These generic functions are used to compute a language_model
perplexity on a test corpus, which may be either a plain character vector
of text, or a connection from which text can be read in batches.
The second option is useful if one wants to avoid loading
the full text in physical memory, and allows to process text from
different sources such as files, compressed files or URLs.
"Perplexity" is defined here, following Ref.
chen1999empiricalkgrams, as the exponential of the normalized
language model cross-entropy with the test corpus. Cross-entropy is
normalized by the total number of words in the corpus, where we include
the End-Of-Sentence tokens, but not the Begin-Of-Sentence tokens, in the
word count.
The custom .preprocess and .tknz_sent arguments allow to apply
transformations to the text corpus before the perplexity computation takes
place. By default, the same functions used during model building are
employed, c.f. kgram_freqs and language_model.

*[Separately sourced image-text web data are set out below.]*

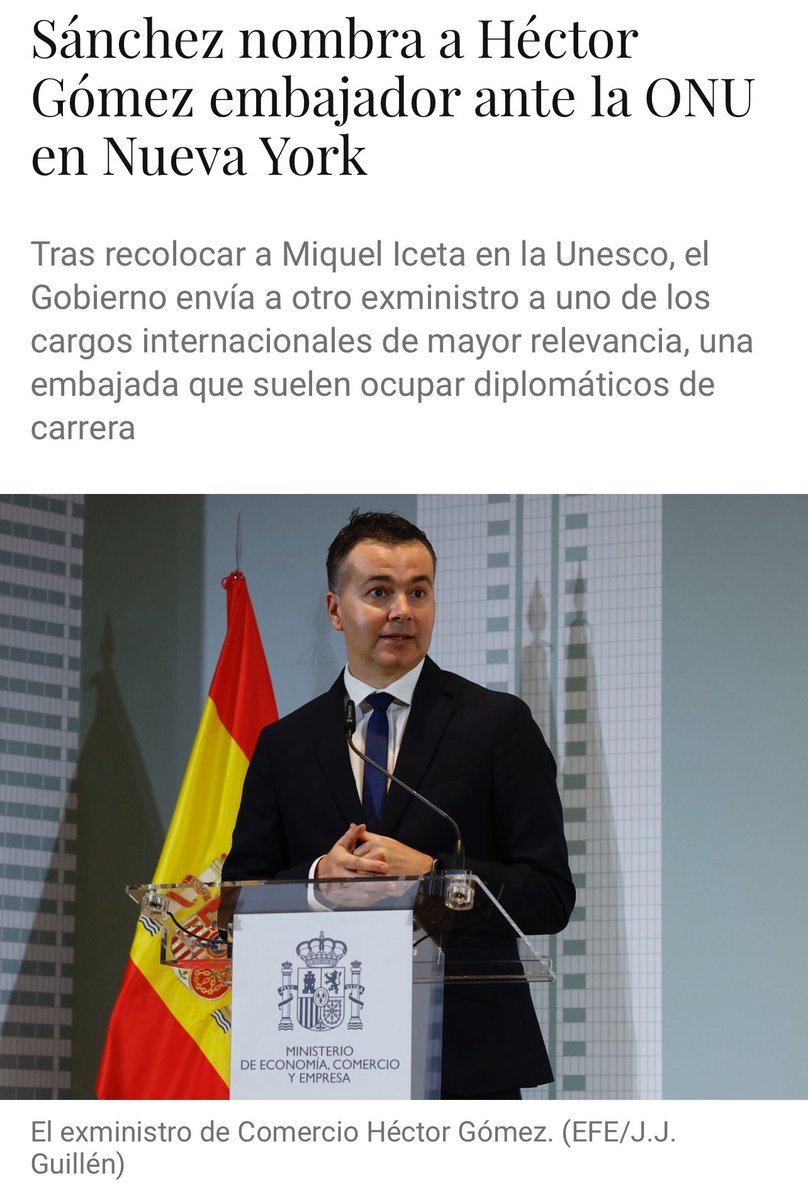 FroilLannister's tweet image. Tras nombrar a Iceta embajador ante la UNESCO, Sánchez nombra embajador ante la ONU a Héctor Gómez. 

Se trata de uno de los puestos diplomáticos más técnicos y complejos que existen. 

La experiencia diplomática de Héctor Gómez es ninguna.

El salario es superior a los 20000€…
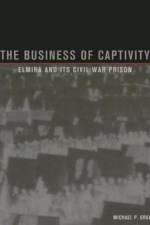 The Business of Captivity af Michael P. Gray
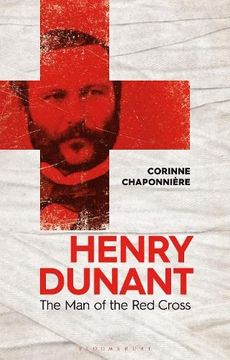 portada Henry Dunant: The Man of the Red Cross (en Inglés)
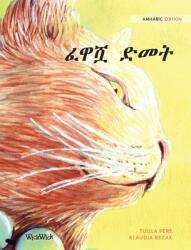ፈዋሿ ድመት: Amharic Edition of The Healer Cat (ISBN: 9789523254299)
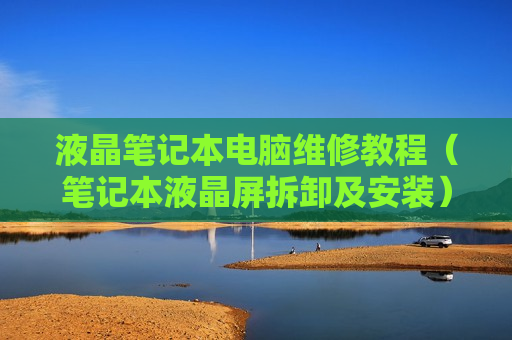 液晶笔记本电脑维修教程（笔记本液晶屏拆卸及安装）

A note of caution is in order. Perplexity is not defined for all language
models available in kgrams. For instance, smoother
"sbo"
(i.e. Stupid Backoff brants-etal-2007-largekgrams)
does not produce normalized probabilities,
and this is signaled by a warning (shown once per session) if the user
attempts to compute the perplexity for such a model.
In these cases, when possible, perplexity computations are performed
anyway case, as the results might still be useful (e.g. to tune the model's
parameters), even if their probabilistic interpretation does no longer hold.